Hat tip to Tara at Aetiology for this bloodcurdling article. The Southern Baptists want all you uppity bitches to know just who wears the pants around the house. And to this end, they're offering classes with such titles as "Biblical Model for the Home and Family." A more overt display of the way in which Christian fundamentalism treats women only marginally better than Muslim sharia law (at least the Baptists won't murder you because you let someone see your ankle, so I guess that's progress) could not be found.
Shudder to these testimonials. These are Christian women who have gleefully swallowed the notion that they are inferior to males and on this earth for no other reason than to do the Suzy Homemaker thing while hubby is out making something of his life. They have actually been indoctrinated to accept the idea that their own personal happiness is irrelevant.
God values men and women equally, any student here will tell you. It's just that he's given them different responsibilities in life: Men make decisions. Women make dinner....
It all sounds wonderful to sophomore Emily Felts, 19, who signed up as soon as she arrived on campus this fall.
Several relatives have told Felts that she's selling herself short. They want her to become a lawyer, and she agrees she'd make a good one. But that's not what she wants to do with her life.

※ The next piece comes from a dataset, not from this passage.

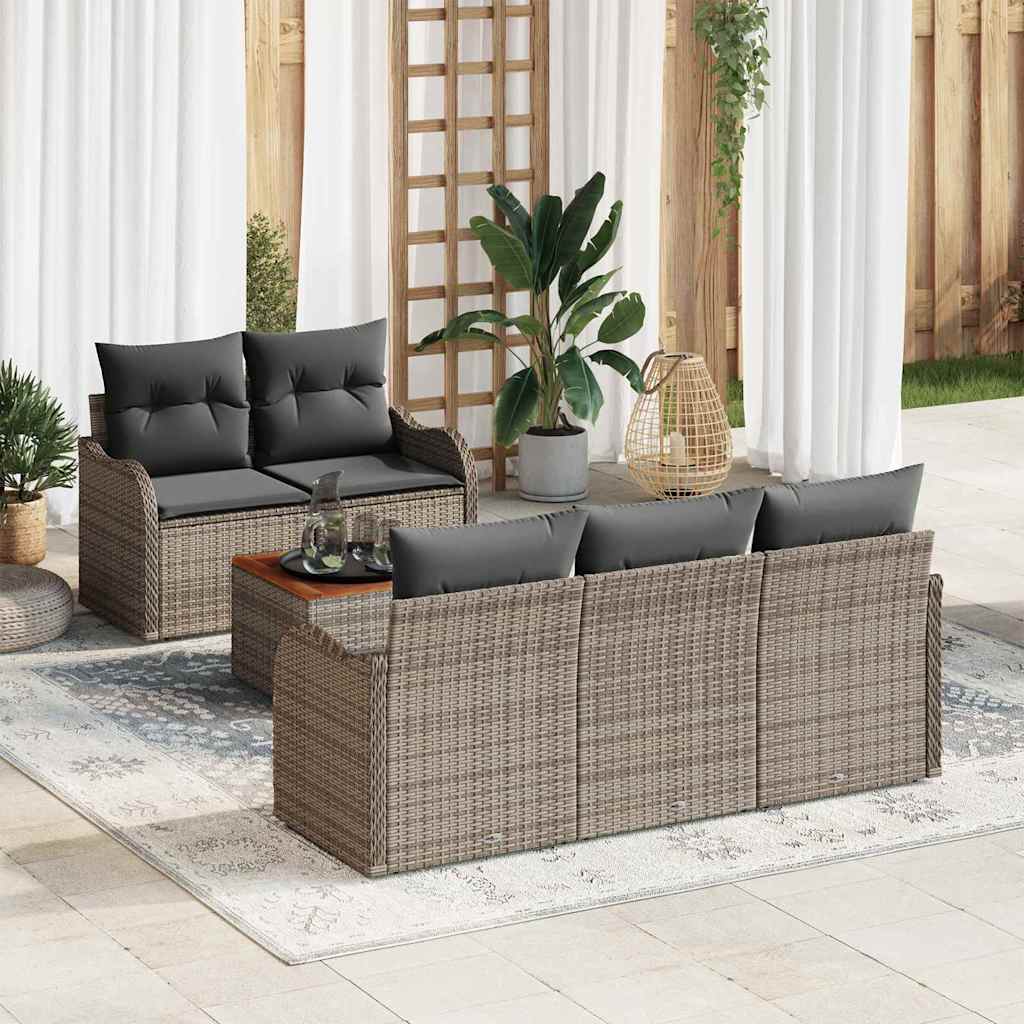 Garten-Sofa-Set mit Kissen mit Speicher 6 pcs Schwarz und Creme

More to the point, it's not what she believes God wants of her.
"My created purpose as a woman is to be a helper," Felts said firmly. "This is a college education that I can use."
The whole point of taking college-level homemaking, she said, is to ensure that her husband won't ever feel that he has to darn a sock or do the laundry. Those are her jobs...
"I'm not one of those out to rebel, out-to-be-my-own-woman types," she said.
Yeah, being your own woman would really suck. I mean, y'all are different, right? It's a man's duty to be his own man, but for you ladies, well, there's the kitchen...get to work!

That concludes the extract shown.